Жирафовидный истукан. 50 стихотворений.
Переводы. Очерки, статьи, заметки.
Сост., вступит. статья и комм. Е.Р.Арензона.
М., "Пятая страна" "Гилея", 2000. 224 с.
С началом Первой Мировой войны Парнах перебрался в Париж, записался в Сорбонну, изучал испанскую культуру и много общался с русской эмигрантской колонией, увеличивавшейся день ото дня. В 1919 г. он выпустил свой первый поэтический сборник "Самум", украшенный тремя рисунками Н.Гончаровой, в том же году сборник "Набережная" (обложка и спинка книги М.Ларионова), на следующий год сборник "Словодвиг" (параллельное французское название "Mot Dynamo"), иллюстрированный Н.Гончаровой и М.Ларионовым, а в 1922 г. под эгидой "Палаты поэтов" книгу стихов "Карабкается акробат", к которой приложен портрет автора работы Пабло Пикассо.
"1919 год, рассказывает составитель, стал переломным для всей совокупности культурно-художественных воззрений и интересов Валентина Парнаха. Джазовые оркестры американских негров, ошеломившие парижан концентрацией неслыханных звучаний и ритмов, невиданная в Европе сценическая раскованность музицирования заставили вчерашнего адепта петербургской культуры пересмотреть арсенал выразительных средств и возможностей как поэтического слова, так и мимического искусства".
В 1922 г. искатель новых ощущений вернулся в Москву.

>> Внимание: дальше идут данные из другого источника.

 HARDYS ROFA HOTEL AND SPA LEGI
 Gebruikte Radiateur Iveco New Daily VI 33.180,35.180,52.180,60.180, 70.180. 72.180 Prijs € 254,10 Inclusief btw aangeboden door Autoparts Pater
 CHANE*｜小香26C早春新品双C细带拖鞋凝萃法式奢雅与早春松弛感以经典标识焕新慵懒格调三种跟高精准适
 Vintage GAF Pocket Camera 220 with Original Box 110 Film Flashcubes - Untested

Именно Парнах привез в Советскую Россию джаз и познакомил с ним первых слушателей.
Следующие два года о нем много говорилт: в Театре Мейерхольда он заведовал музыкальной и хореографической частью, в кинотеатре на Малой Дмитровке вместе с "эксцентрическим оркестром" исполнял "Кошку на клавишах" Р.Конфрея и "Быка на крыше" Д.Мийо. В периодике он печатал многочисленные заметки о современной западной музыке, хореографии и авангардной поэзии, а материалы о дадаизме, напечатанные им в журнале "Современный Запад", полвека оставались для российского читателя главным источником сведений об этом течении.
Хотя Парнах мог претендовать на роль "московского Жана Кокто" (Е.Арензон), в СССР он ужиться не смог и в 1925 г., выпустив на собственные средства поэтический сборник "Вступление к танцам", снова уехал в Париж, "охваченный новой страстью к латинскому миру".

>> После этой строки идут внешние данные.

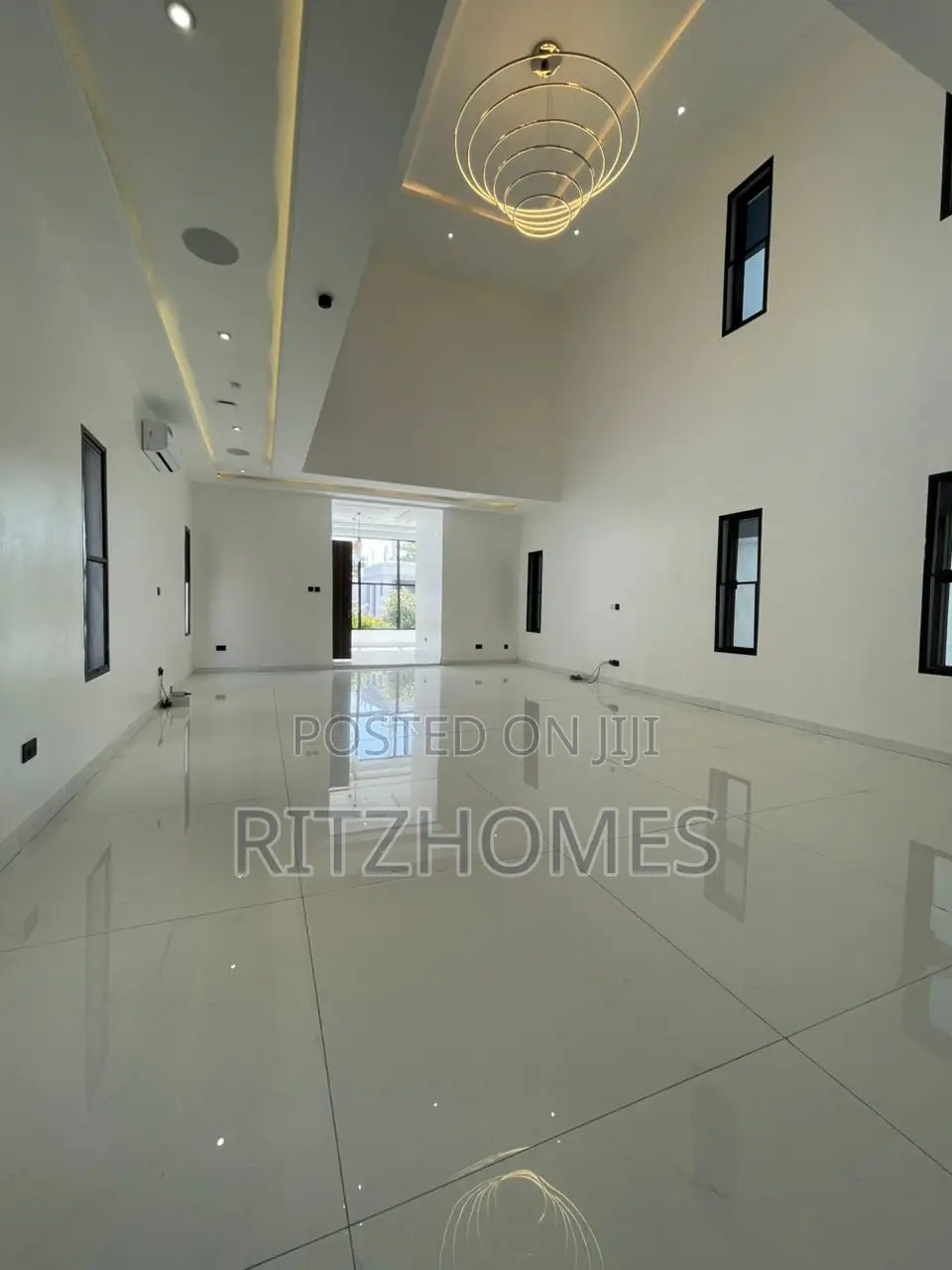 5bdrm Duplex in Lekki Phase 1 for sale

Прошло шесть лет, и Парнах, все это время остававшийся сотрудником мейерхольдовского театра, вновь вернулся в Москву но на этот раз не модернистом, не пропагандистом джаза, а скромным переводчиком европейской классики.
За 20 следующих лет Парнах перевел сборник "Испанские и португальские поэты, жертвы инквизиции", стихи Федерико Гарсии Лорки, "Мемуары" Агриппы д'Обинье и многое другое. Он умер в начале 1951 г. и "был похоронен Союзом писателей по низшей категории".
В сборник "Жирафовидный истукан" вошли стихи Парнаха, переводы из Тристана Тзары, Рихарда Гюльзенбека, Макса Эрнста, Селины Арно, Блеза Сандрара, Жана Кокто и дюжина заметок о художественной жизни 1920-х годов.
Литературным символом Праги и Чехии для русского читателя всегда был солдат Швейк, если и не родная, то уж всякому понятная душа, народная фигура. Только пожив в Праге, понимаешь, что сегодняшние чехи Швейка стесняются, вытесняют из сознания. Швейк, конечно, идет у них на экспорт, но явно без удовольствия со стороны экспортера.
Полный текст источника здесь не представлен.